##### THE DATA #####

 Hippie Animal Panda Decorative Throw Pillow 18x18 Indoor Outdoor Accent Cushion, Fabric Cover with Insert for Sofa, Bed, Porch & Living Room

#####
##### THE DATA #####

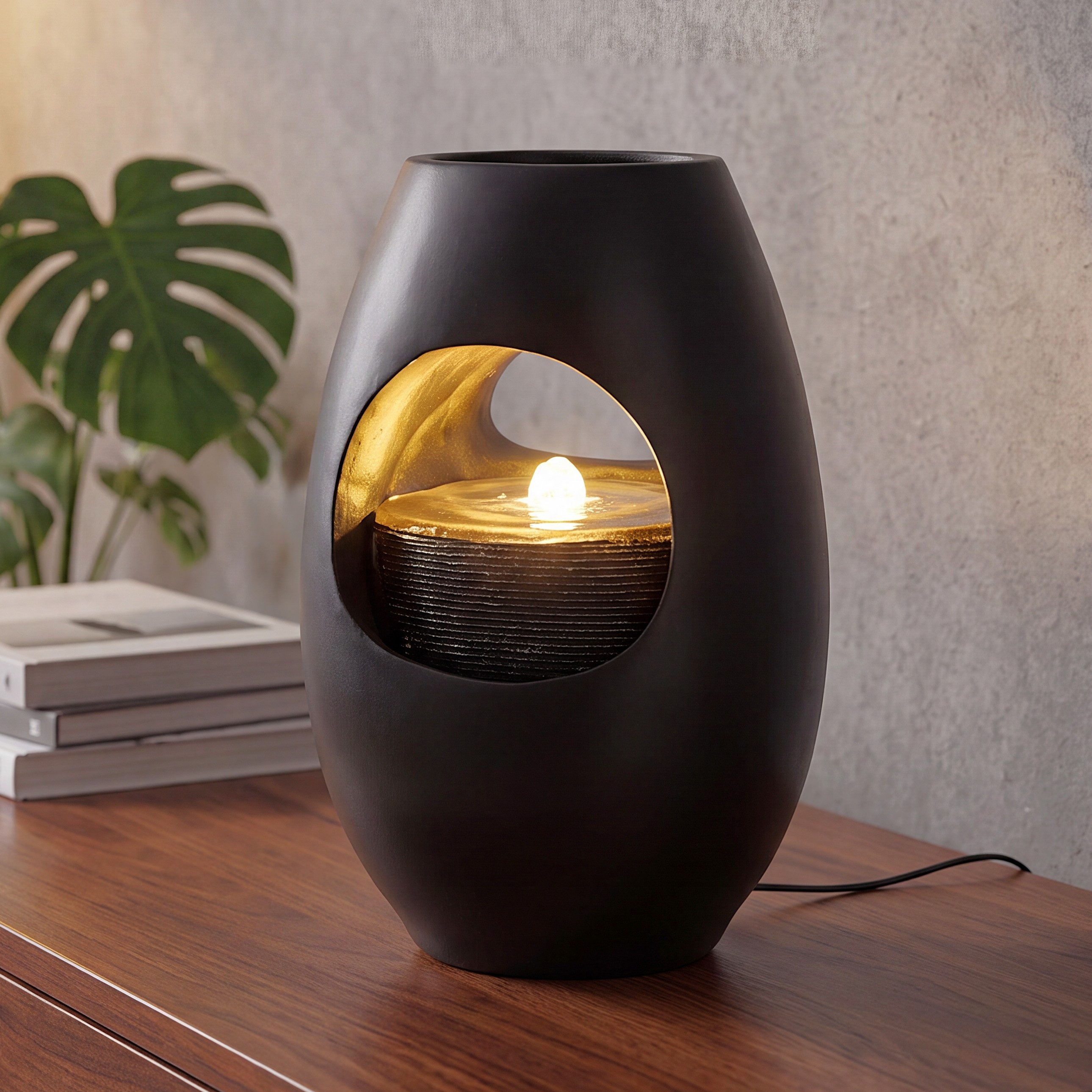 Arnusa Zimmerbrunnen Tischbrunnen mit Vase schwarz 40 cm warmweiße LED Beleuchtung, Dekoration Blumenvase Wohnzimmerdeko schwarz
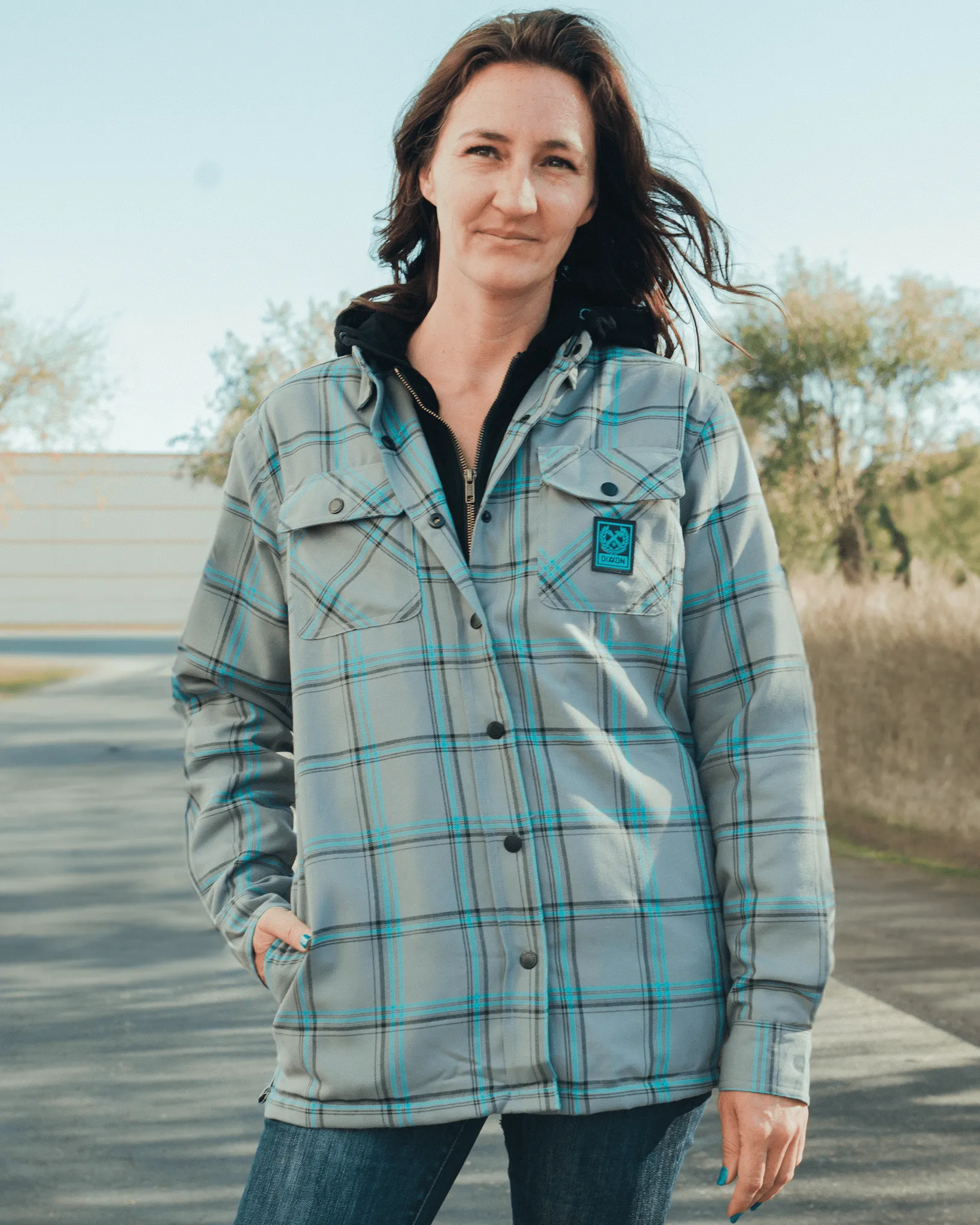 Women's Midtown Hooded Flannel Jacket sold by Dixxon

#####

:: PROMPT ::
Starting from the line with "Arnusa Zimmerbrunnen Tischbrunnen" in the records above, repeat each line exactly until you have written the line with "Women's Midtown Hooded", then stop; drop the pictures.

:: SOLUTION TO THE PROBLEM ::
 Arnusa Zimmerbrunnen Tischbrunnen mit Vase schwarz 40 cm warmweiße LED Beleuchtung, Dekoration Blumenvase Wohnzimmerdeko schwarz
 Women's Midtown Hooded Flannel Jacket sold by Dixxon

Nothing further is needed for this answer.